With Halloween around the corner, car maintenance brand Holts has mapped out some ghostly road trips that take in some of Britain’s most infamously haunted locations - from Whitby Abbey to the Hellfire Caves of Buckinghamshire.

The road trip maps are divided into regions across the UK - with the Yorkshire map featuring such places as Bradford’s Bolling Hall and Dales beauty spot Bolton Abbey.

The Yorkshire Halloween journey is, says Holts, 254 miles in total and takes seven hours to complete. Along the way you could enjoy a drink at The Golden Fleece - said to be the most haunted pub in York, a city full of haunted pubs - and indulge in a spot of ghost-hunting at historic Bolling Hall.

Bradford Telegraph and Argus: Map of the spooky road tripMap of the spooky road trip (Image: Holts)

Says Holts: “However warm a welcome Yorkshire offers, it pales in comparison to the creeping dread that encompasses the county’s most haunted sites and buildings.

“Between fabled destinations like York, Whitby and Beverley, Yorkshire delivers some of the most genuine scares on our entire UK Halloween road trip...so strap yourself in.

“Whitby Abbey is spooky enough at the best of times, and that’s before you read about the ghost of St Hilda. From there, we make the journey to York, a city that has certainly seen its fair share of ghostly goings on over the years.

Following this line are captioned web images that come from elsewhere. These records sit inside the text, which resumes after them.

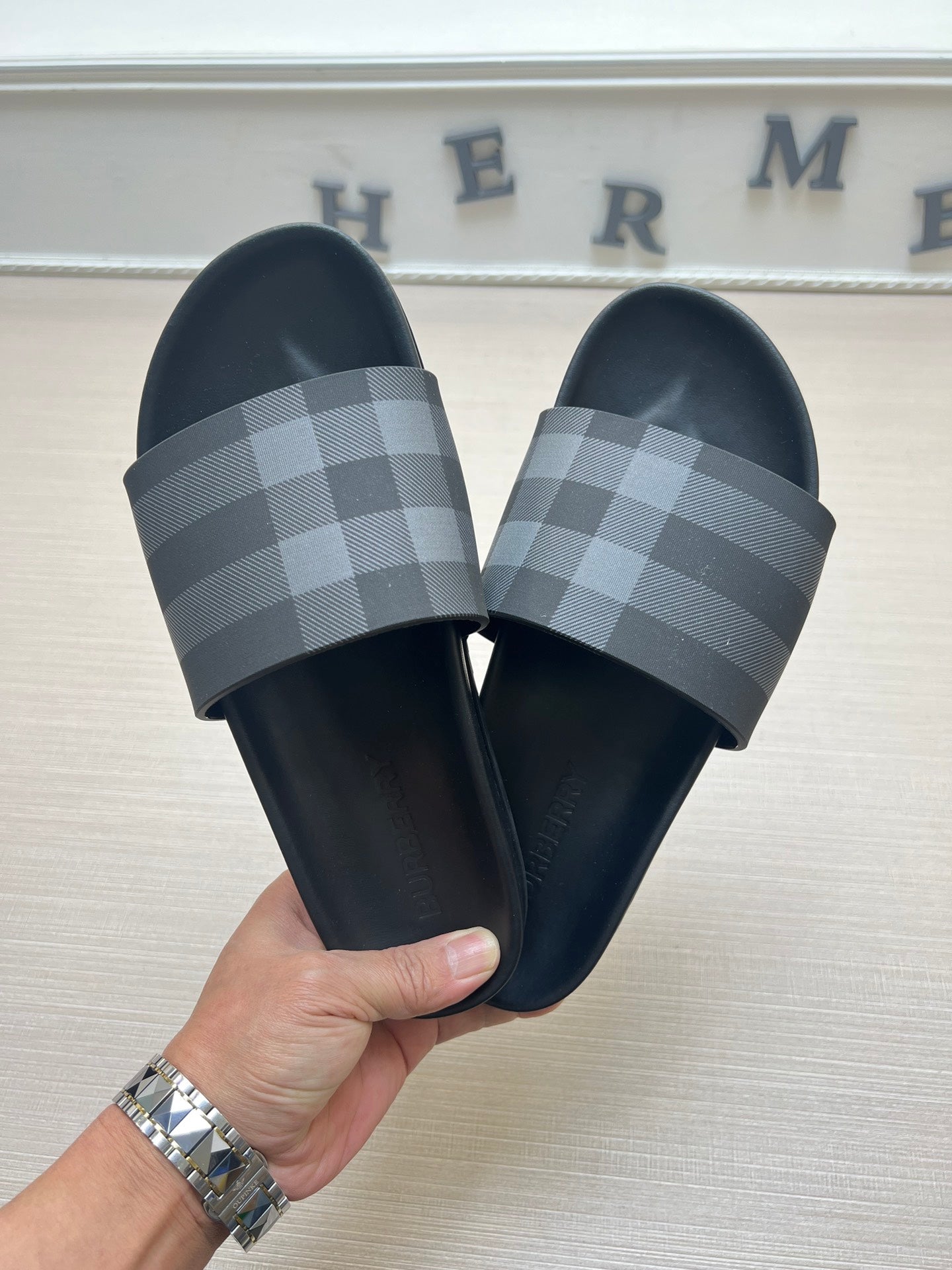 54R119Z Popular slippers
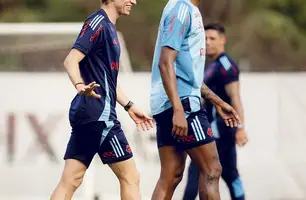 Filipe Luís e Bruno Henrique em treino do Flamengo (Foto: Adriano Fontes / Flamengo)
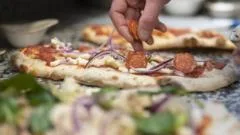 Overcooked? Why robotic pizza makers are failing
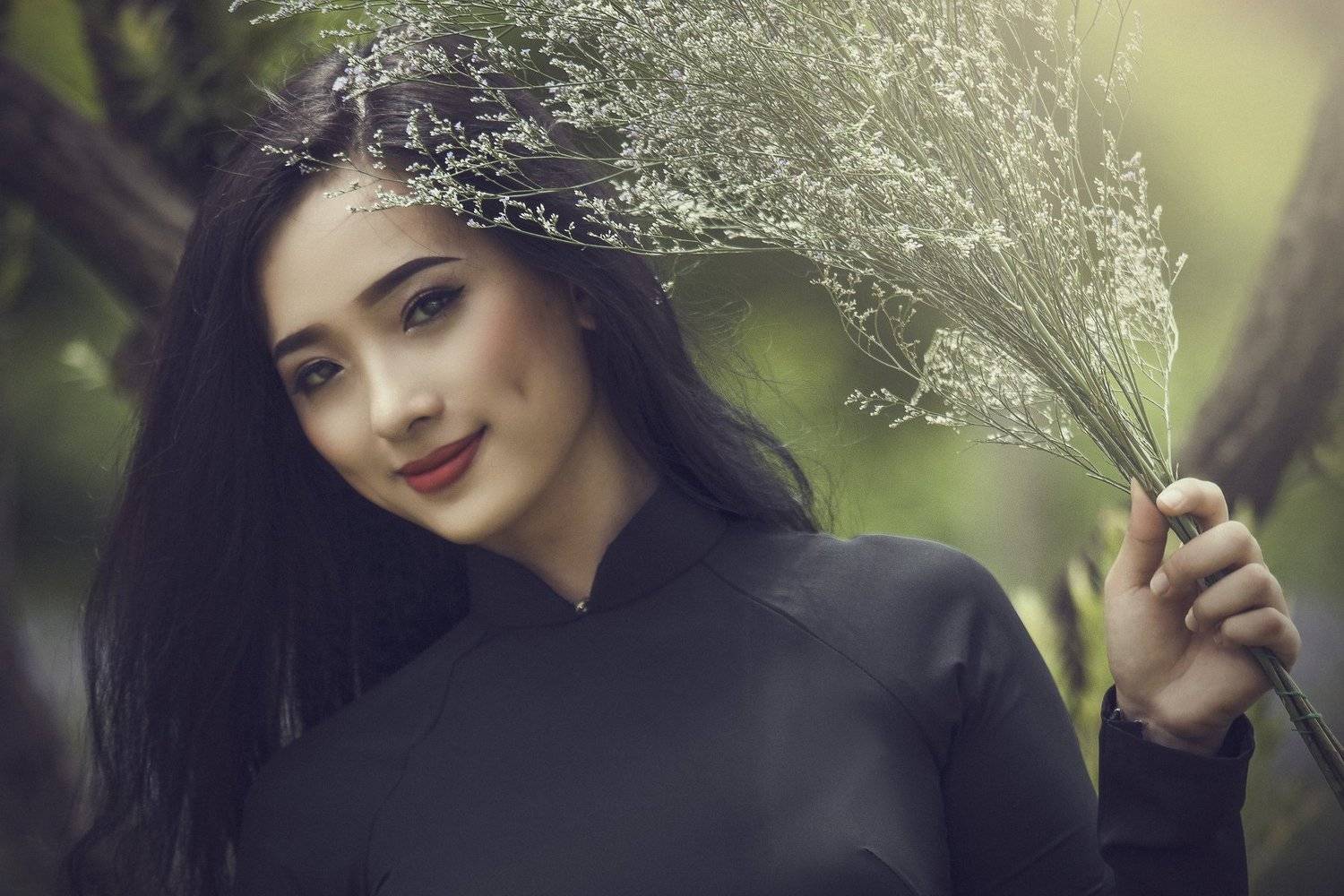 #girl #fashion #flower #summer #black #portrait #beauty, Thien Vu Vu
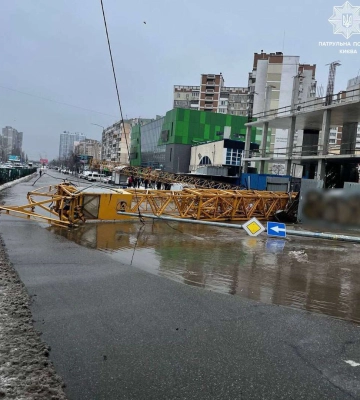 В Киеве прорвало трубу на строительстве и упал кран: улицу затопило, движение авто перекрыли. Фото и видео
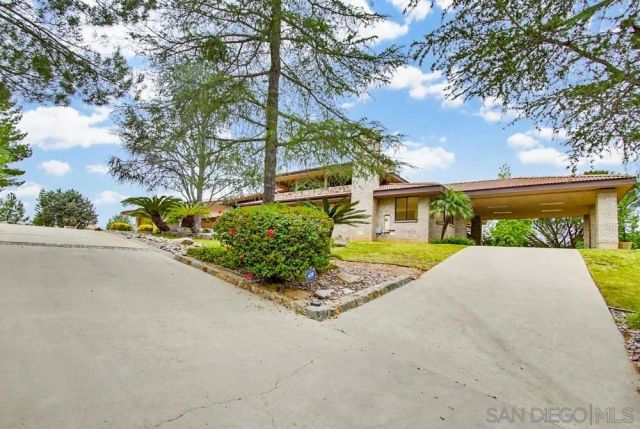 3725 Via Cielo Azul, Alpine, CA 91901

“Next, the eerie ruin of Bolton Abbey brings plenty of creepy tales, while the halls of Bolling and Hodroyd at Felkirk offer more than 500 years of blood-curdling history between them.

“The route ends at The Monks Walk pub in Beverley, where the sound of jangling keys can be heard in the dark of night...”

Throughout its 900-year history - it was first mentioned in the Domesday Book in 1086 - Bolling Hall in East Bowling has been home to spooks a-plenty.

The hall’s most famous ghost was witnessed by the Earl of Newcastle during the English Civil War. In 1643 the Earl was stationed at Bolling Hall after his troops took over Bradford, and one night he woke up after his bed cover was tugged to see a woman wringing her hands, telling him to “Pity poor Bradford” and not carry out a massacre on the city.

The Earl was said to have been shaken up by the visitation and ordered his troops to kill only those who resisted.

Other spooky sightings at Bolling Hall include a wooden cradle rocking back and forth, a lady in white appearing to float in mid-air across a room and disappear into a fireplace, and Bradford composer Frederick Delius’s piano playing on its own. Visitors claim to have heard children playing in empty rooms, sudden shadows appearing, perfume scents in the air, and Parliamentarian officers marching through rooms.

Industrialist and social reformer Richard Oastler, known as the Factory King for his campaigning to limit children’s working hours in 19th century mills, is also said to have haunted Bolling Hall. In 1861 one of the owners’ sons awoke to see Oastler standing at the bottom of his bed - and by the following morning his father had received a telegram saying that Richard had died.

Bolton Abbey was founded in the 12th century - one of around 700 monasteries established in England. What sets it apart from other well known monasteries in the area, such as Rievaulx and Fountains, is its moorland setting.

Ghostly sightings there have included the sounds of footsteps around the rectory, and a phantom canon re-visiting his old home.

Hodroyd Hall in the hamlet of Felkirk near Barnsley is a country house steeped in history. First referenced in 1144, it has been a monastic building, the country seat of the Monckton family and offices for the National Coal Board.

In 2019 the historic hall was visited by the team from TV’s Most Haunted and coins were said to have mysteriously appeared. One crew member was so spooked he had to leave.

At Ripon Workhouse Museum Ripon the grim and gloomy atmosphere of what was the last resort for the homeless and destitute has been carefully maintained to give visitors a sense of how inmates lived, worked and died. For many, the only way out was in a coffin.

A poorhouse has stood on the site since 1776 and the original building was replaced in 1854. Museum visitors have reported an overwhelming sense of being watched and followed around the site, and some say they’ve witnessed ghostly figures in the schoolroom. Poltergeist activity is said to be rife, and mists and shadows often appear. There have been reported sightings are of former workhouse residents, including a man called Stan who appears in the nurses’ room.

Whitby was famously the setting for Bram Stoker’s horror classic Dracula, and the Yorkshire seaside town, beloved of Goths, is well known for its ghostly apparitions. Whitby Abbey is said to be haunted by he ghost of St. Hilda, its founder, who roams the ruins and peers from windows. She is joined by Constance de Beverley, a nun who broke her vows of chastity and was bricked up alive inside the abbey walls. Her ghost is heard pleading for her release.